Звонили в основном ему, но он отвечал как можно короче, боясь помешать Лэнигану дозвониться. Наконец, когда уже совсем пора было идти в храм и начинать Седер, позвонил Лэниган. Рабби минуту послушал, потом улыбнулся.
— Спасибо, — сказал он, — и спасибо за звонок.
— Все в порядке? — спросила Мириам, когда он повесил трубку. — Теперь мы можем идти?
— Да, теперь мы можем идти.
Приходящая няня уже полчаса ждала, когда они, наконец, уйдут и можно будет включить телевизор. Мириам дала ей несколько последних наставлений и пошла к машине. Минутой позже вышел рабби с магнитофоном, на который обычно диктовал письма, — по-видимому, чтобы записать службу на пленку. Эта неожиданная сентиментальность слегка удивила ее.

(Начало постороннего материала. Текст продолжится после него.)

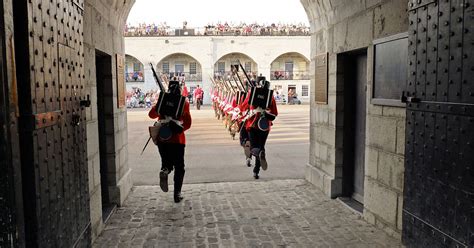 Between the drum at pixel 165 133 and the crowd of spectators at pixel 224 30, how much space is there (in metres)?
35.4

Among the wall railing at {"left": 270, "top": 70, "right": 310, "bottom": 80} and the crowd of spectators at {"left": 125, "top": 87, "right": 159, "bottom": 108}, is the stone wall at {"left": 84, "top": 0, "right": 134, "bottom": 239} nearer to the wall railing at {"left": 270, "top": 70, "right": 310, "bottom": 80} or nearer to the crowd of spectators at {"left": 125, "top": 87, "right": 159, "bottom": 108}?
the crowd of spectators at {"left": 125, "top": 87, "right": 159, "bottom": 108}

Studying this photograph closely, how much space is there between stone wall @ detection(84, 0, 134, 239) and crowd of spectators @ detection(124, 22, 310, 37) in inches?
1370

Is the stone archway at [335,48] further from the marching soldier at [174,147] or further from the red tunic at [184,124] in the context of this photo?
the red tunic at [184,124]

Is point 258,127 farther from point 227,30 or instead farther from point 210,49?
point 227,30

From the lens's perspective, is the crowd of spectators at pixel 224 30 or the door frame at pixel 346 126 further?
the crowd of spectators at pixel 224 30

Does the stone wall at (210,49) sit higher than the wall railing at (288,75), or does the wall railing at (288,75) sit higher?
the stone wall at (210,49)

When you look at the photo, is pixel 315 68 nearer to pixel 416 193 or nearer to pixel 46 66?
pixel 416 193

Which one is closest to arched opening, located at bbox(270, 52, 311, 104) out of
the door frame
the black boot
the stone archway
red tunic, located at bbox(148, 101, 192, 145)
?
the stone archway

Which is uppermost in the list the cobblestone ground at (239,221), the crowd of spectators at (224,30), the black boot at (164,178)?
the crowd of spectators at (224,30)

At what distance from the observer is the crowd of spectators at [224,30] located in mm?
40438

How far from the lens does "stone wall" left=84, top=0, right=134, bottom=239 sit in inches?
165

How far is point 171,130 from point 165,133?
10cm

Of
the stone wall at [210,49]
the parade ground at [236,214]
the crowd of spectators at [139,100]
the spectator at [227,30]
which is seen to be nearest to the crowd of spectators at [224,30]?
the spectator at [227,30]

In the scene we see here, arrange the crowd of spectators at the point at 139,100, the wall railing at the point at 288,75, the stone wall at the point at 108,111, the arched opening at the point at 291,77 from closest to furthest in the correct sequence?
the stone wall at the point at 108,111
the crowd of spectators at the point at 139,100
the arched opening at the point at 291,77
the wall railing at the point at 288,75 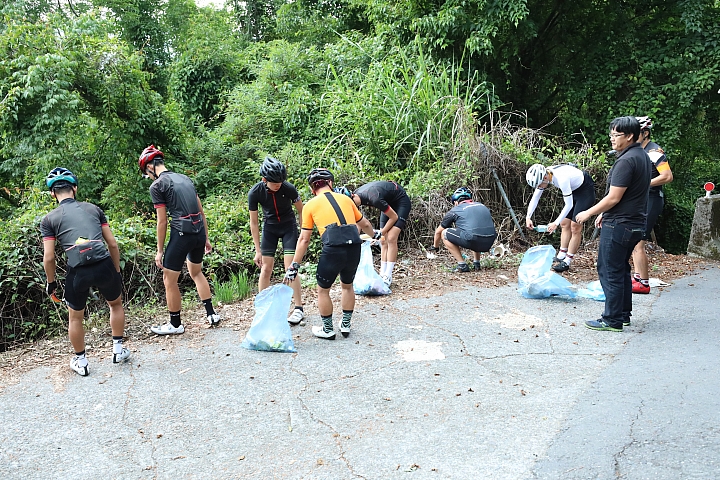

Когда они приехали в храм, прихожане все еще бродили по залу, разыскивая карточки со своими именами, беседовали, менялись местами, чтобы сидеть рядом с друзьями. Столы выглядели торжественно — на снежно-белых скатертях сверкало серебро, а на длинном главном столе стояла великолепная ваза с цветами. К главному столу были пододвинуты кресла, на каждом лежала подушка, чтобы облокотиться на нее, как предписано ритуалом; рядом с каждым креслом стояли обычные стулья для жен. Перед местом рабби лежали обязательные три куска мацы, накрытые салфеткой, и стояло блюдо для Седера с яйцом, мясом с косточкой, горькими травами, зелеными травами и двумя маленькими блюдцами — одно для хрена, а второе для смеси рубленых орехов и яблок.
За главным столом все уже расселись, и прежде чем занять свое место, рабби подошел к каждому поздороваться и пожать руку.
— В хорошем голосе, кантор?
— В отличном, рабби.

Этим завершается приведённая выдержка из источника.